Repository structure for the POC

GitHub app repo
brac-poc-openliberty-v5/
|-- app/                  Open Liberty MicroProfile application
|-- liberty/              server.xml and runtime config
|-- nginx/
|   |-- nginx.conf
|   |-- conf.d/
|   |   `-- brac-poc.conf
|   `-- error-pages/
|       |-- 404.html
|       |-- 429.html
|       `-- 50x.html
|-- jenkins/              Jenkinsfile and pipeline helper scripts
|-- deploy/openshift/     current OpenShift manifest used for the direct exception
|-- gitops-drafts/        GitOps-ready draft resources for lab-workloads.git
|-- docs/                 Cloudflare Pages wiki
|   |-- adr/              Architecture decisions and change-control rules
|   |-- evidence/         client demo evidence templates
|   `-- handoff/          platform maintainer handoff notes
|-- observability/
|   |-- trace-context.md
|   |-- splunk-export.md
|   |-- perses-dashboard.md
|   |-- otel-collector-pipeline.md
|   `-- signoz-export.md
|-- security/
|   |-- sso-integration.md
|   |-- api-gateway.md
|   `-- vault-integration.md
|-- Dockerfile.liberty
|-- Dockerfile.liberty.runtime
|-- Dockerfile.nginx
|-- docker-compose.yml    two Liberty instances plus NGINX
`-- README.md             local runbook
GitLab GitOps repo
lab-workloads.git/
|-- components/apps/
|   `-- brac-poc-openliberty-v5/
|       |-- kustomization.yaml
|       |-- namespace.yaml
|       |-- liberty-sa.yaml             # per-component SAs
|       |-- nginx-sa.yaml
|       |-- eso-vault-auth-sa.yaml
|       |-- secretstore.yaml            # ESO -> Vault
|       |-- eso-tokenrequest-rbac.yaml
|       |-- externalsecret-nexus-docker-pull.yaml
|       |-- liberty-a.yaml              # OpenLibertyApplication CR
|       |-- liberty-b.yaml              # OpenLibertyApplication CR
|       |-- nginx-deployment.yaml       # plain Deployment
|       |-- services.yaml               # nginx Service only
|       |-- route.yaml
|       |-- servicemonitor.yaml
|       |-- prometheusrule.yaml
|       |-- networkpolicy.yaml
|       |-- waypoint.yaml               # OSSM3 ambient
|       |-- authorizationpolicy.yaml
|       |-- requestauthentication.yaml  # mpJwt
|       |-- externalsecret-runtime-sso.yaml
|       |-- externalsecret-observability-export.yaml
|       |-- otel-fanout-collector.yaml
|       `-- otel-fanout-queue-pvc.yaml
`-- clusters/
    `-- spoke-dc/kustomization.yaml     # `- ../../components/apps/brac-poc-openliberty-v5`

Decision: C (verified 2026-05-07).
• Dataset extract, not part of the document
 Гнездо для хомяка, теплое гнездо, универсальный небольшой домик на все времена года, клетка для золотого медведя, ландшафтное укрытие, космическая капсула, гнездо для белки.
Liberty instances are OpenLibertyApplication CRs (apps.openliberty.io/v1), reconciled by the Open Liberty Operator v1.6.1 installed on spoke-dc via lab-gitops. The two CRs share applicationName: brac-poc-openliberty-v5 and split on applicationVersion: stable / beta, which the operator surfaces as app.kubernetes.io/version labels for canary telemetry. NGINX is still a plain Deployment (the operator only manages OpenLibertyApplication). Trade-off discussion is preserved in docs/handoff/gitops-promotion-runbook.md.